Parenthood

Just Have the Baby? A New Mom Reveals Why There Is No ‘Just,’ and Not Necessarily Any Justice Either

Just have the baby? Only if you want to. Because no one else can take on any of the pain or risk, and it's rare that you'll be helped significantly with the costs—something I think anyone capable of becoming pregnant understands all too well and that forced pregnancy activists work very hard not to acknowledge.

Linus Chart

My husband and I just had a baby.

My first two trimesters weren’t easy (though they could have been worse), and then it got harder after I had my baby. So I have a lot more to say about the many reasons why this pregnancy has further revealed to me why it’s wrong and inhumane to make light of how difficult it is to “just have the baby,” as anti-choice extremists say everyone should have to do.

Two more months of decreasing mobility and shortness of breath weren’t the worst part by far.

On the less serious, but financially inconvenient, side, I’d started expanding past even the maternity clothes I bought early in pregnancy. By the end, none of my shoes fit over my swollen feet. It’s not a medical concern, but not everyone can readily afford to just turn over a wardrobe twice in less than a year, especially when there are all these exciting new expenses for baby clothes and supplies.

Nearly a month after the birth, I still can’t fit into my pre-maternity clothes or bear to wear a real bra, and I’m really glad that I don’t have to show up anywhere looking professional for a little while yet. If I can’t be somewhere in an outfit that includes a nursing tank right now, I can’t be there.

There were also worries about gestational diabetes. Pregnancy can give a person temporary diabetes, and if it does, it elevates their risk of getting full adult-onset diabetes after the pregnancy.
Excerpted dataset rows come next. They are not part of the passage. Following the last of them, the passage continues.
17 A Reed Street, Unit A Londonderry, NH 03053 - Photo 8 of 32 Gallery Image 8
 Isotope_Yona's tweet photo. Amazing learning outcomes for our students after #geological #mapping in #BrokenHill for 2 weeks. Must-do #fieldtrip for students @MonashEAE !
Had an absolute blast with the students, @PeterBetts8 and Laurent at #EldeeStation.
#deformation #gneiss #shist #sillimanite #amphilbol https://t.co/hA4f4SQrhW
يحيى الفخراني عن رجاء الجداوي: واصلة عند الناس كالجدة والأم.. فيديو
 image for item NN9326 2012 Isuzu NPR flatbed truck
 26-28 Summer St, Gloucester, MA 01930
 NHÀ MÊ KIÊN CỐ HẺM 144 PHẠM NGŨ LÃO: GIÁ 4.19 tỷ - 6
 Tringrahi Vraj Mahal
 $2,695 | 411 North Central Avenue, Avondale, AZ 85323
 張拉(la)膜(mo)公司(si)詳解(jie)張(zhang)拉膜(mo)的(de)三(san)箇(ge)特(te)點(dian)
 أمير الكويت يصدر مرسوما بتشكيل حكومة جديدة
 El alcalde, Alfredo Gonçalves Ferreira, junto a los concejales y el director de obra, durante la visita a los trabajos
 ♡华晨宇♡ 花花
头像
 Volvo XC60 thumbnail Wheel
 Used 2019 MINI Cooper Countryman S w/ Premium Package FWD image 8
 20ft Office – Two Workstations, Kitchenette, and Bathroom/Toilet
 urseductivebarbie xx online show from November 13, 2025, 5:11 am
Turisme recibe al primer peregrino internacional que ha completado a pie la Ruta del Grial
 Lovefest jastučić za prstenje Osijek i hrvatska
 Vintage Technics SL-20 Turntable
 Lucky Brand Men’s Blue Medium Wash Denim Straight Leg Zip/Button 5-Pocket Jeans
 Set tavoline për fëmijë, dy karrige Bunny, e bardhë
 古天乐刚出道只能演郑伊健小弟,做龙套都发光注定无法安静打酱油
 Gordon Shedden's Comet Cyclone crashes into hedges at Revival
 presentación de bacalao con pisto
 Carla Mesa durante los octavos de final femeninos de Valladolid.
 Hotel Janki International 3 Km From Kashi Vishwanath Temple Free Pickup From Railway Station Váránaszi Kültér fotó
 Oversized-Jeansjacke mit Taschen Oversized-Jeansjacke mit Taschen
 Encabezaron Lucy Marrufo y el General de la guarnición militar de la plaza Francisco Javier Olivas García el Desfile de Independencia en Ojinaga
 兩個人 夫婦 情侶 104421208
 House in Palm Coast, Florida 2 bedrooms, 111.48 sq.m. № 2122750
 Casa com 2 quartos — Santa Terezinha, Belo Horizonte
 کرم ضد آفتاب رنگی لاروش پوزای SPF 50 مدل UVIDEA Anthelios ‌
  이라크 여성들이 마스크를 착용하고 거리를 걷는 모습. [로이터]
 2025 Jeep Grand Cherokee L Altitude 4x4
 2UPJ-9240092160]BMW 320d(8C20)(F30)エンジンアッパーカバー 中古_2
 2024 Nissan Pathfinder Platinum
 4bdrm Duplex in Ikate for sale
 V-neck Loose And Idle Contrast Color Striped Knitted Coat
There are also risks to the developing fetus, including too-rapid growth before birth, an increased risk of diabetes throughout its life, or stillbirth.

The results of my first glucose tolerance test were high, so they wanted to do a follow-up. Since a three-hour glucose tolerance test after fasting seemed like a bad idea for a patient with a history of passing out during blood draws on an empty stomach, my doctor had me test myself four times a day at specific times and follow a meal plan for gestational diabetics so they could settle the question.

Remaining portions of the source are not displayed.